Here's what that looks like in practice. In an exploratory meeting on, say, how large language models are trained, students begin by investigating the topic themselves using AI tools, both course-provided and their own. They ask questions, test hypotheses, follow tangents, and run into confusions. Some will fixate on training data. Others will get curious about reinforcement learning from human feedback. Others will want to understand why models hallucinate.

In a traditional classroom, this divergence is a problem. The instructor has forty minutes of planned content and needs everyone on the same page. With AI as classroom infrastructure, this divergence enriches the conversation, while commonality reveals shared concerns worth exploring together.

The activity framework gives the instructor real-time visibility into what students are exploring and where they're getting stuck. AI agents can synthesize the questions and confusions students are generating, cluster them by theme, and surface the most common misconceptions. The instructor uses this to organize pair discussions, group work, and whole-class engagement around what students actually need, rather than what the lesson plan assumed they'd need.

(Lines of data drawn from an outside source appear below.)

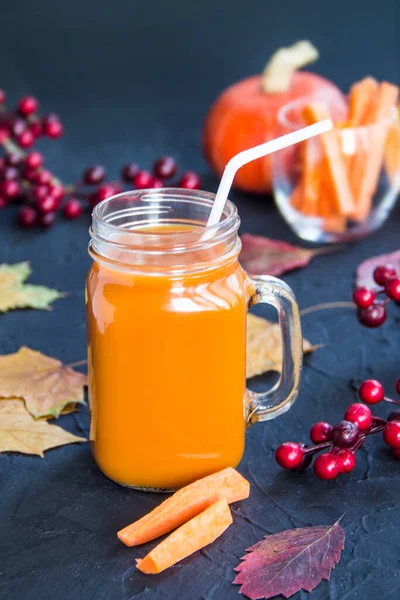 Halloween cocktail, pumpkin orange drink with spices. Dark vintage dirty background. Creative atmospheric decoration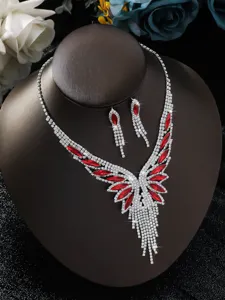 Primo piano dettagliato di un set collana e orecchini in cristallo rosso con strass luminosi.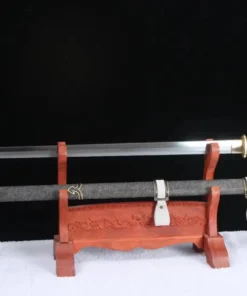 A straight, single edged sword and its scabbard displayed on a wooden stand.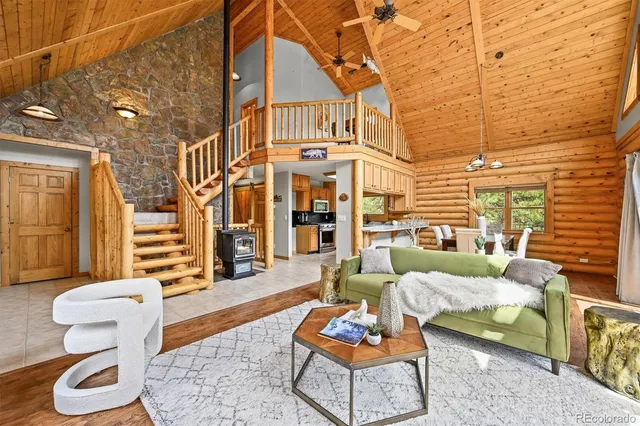 a view of a patio with a table and chairs and wooden floor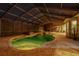 Night view of kidney shaped pool with screened enclosure at 6114 Kingbird Manor Dr, Lithia, FL 33547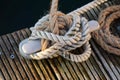 Bollard robust of steel on boat in harbor with rope that connects to the jetty. A safe home place for sailing. Royalty Free Stock Photo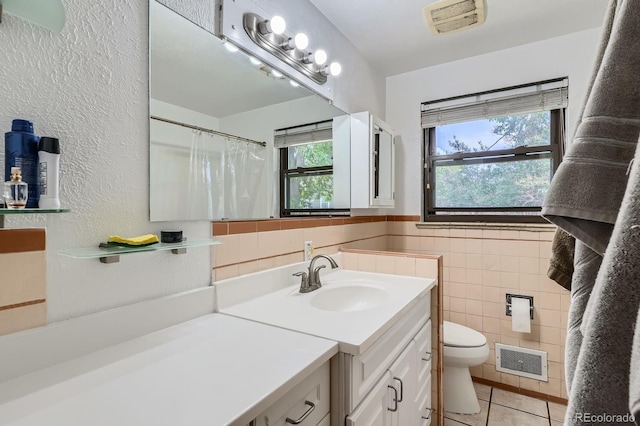 5600 Dover St, Arvada, CO 80002 - bathroom featuring vanity, tile patterned floors, toilet, tile walls, and a textured wall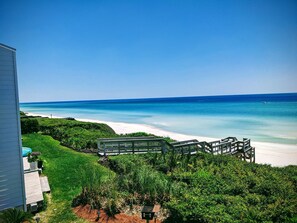 A beachfront property with a wooden deck, lush greenery, and a view of the ocean. - Seamist #6-Oceanfront-Wonderful View! (Seacrest)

The learning objectives still provide coherence. The instructor isn't abdicating responsibility for what gets learned. But instead of enforcing a rigid path to those objectives, AI provides the feedback loop that lets the instructor respond in real time to sixty students exploring the same topic from sixty different starting points.

This is a genuinely different way to teach, and it's one that wasn't practical before AI. A single instructor can't monitor sixty simultaneous explorations, synthesize the results, and reorganize a class session on the fly. But an instructor with AI infrastructure can. The result is a classroom where the content meets students where they are, rather than demanding that students meet the content where the instructor planned for it to be.

We're just getting started exploring the new educational patterns that AI enables. The tools described on this page are a first attempt, built for one course in one semester. But the underlying ideas — using AI to make classrooms more responsive, more equitable, and more human — are ones we expect to keep developing for a long time.

Reading Preparation

Discussion-based meetings require students to arrive having actually done the reading. Rather than reading quizzes, the course uses preparation chats — AI-guided conversations that verify readiness before class.

Each preparation chat has a set of criteria organized into three levels: not engaged, discussed, and ready. The AI asks about key concepts from the assigned reading and tracks whether students can discuss them substantively. Students need to reach "ready" on all criteria before the meeting, but it's not a test. The goal is to surface gaps in understanding early so students can re-read or ask questions before class, not after.

The preparation content is defined alongside the reading materials, so the criteria map directly to what students were assigned to read.

Reading Capture Pipeline

One of the more interesting operational workflows is how course readings make their way from the open web into the course system — and ultimately into the AI assistant's knowledge base.

The pipeline starts with a browser extension (a Greasemonkey userscript) that adds a "capture" button to every webpage. When I find an article I want to assign as a reading, I click the button. The extension sends the full page HTML to the course API, which extracts the article content using Mozilla's Readability library, converts it to Markdown, generates frontmatter (title, author, source URL), and stores everything in the database.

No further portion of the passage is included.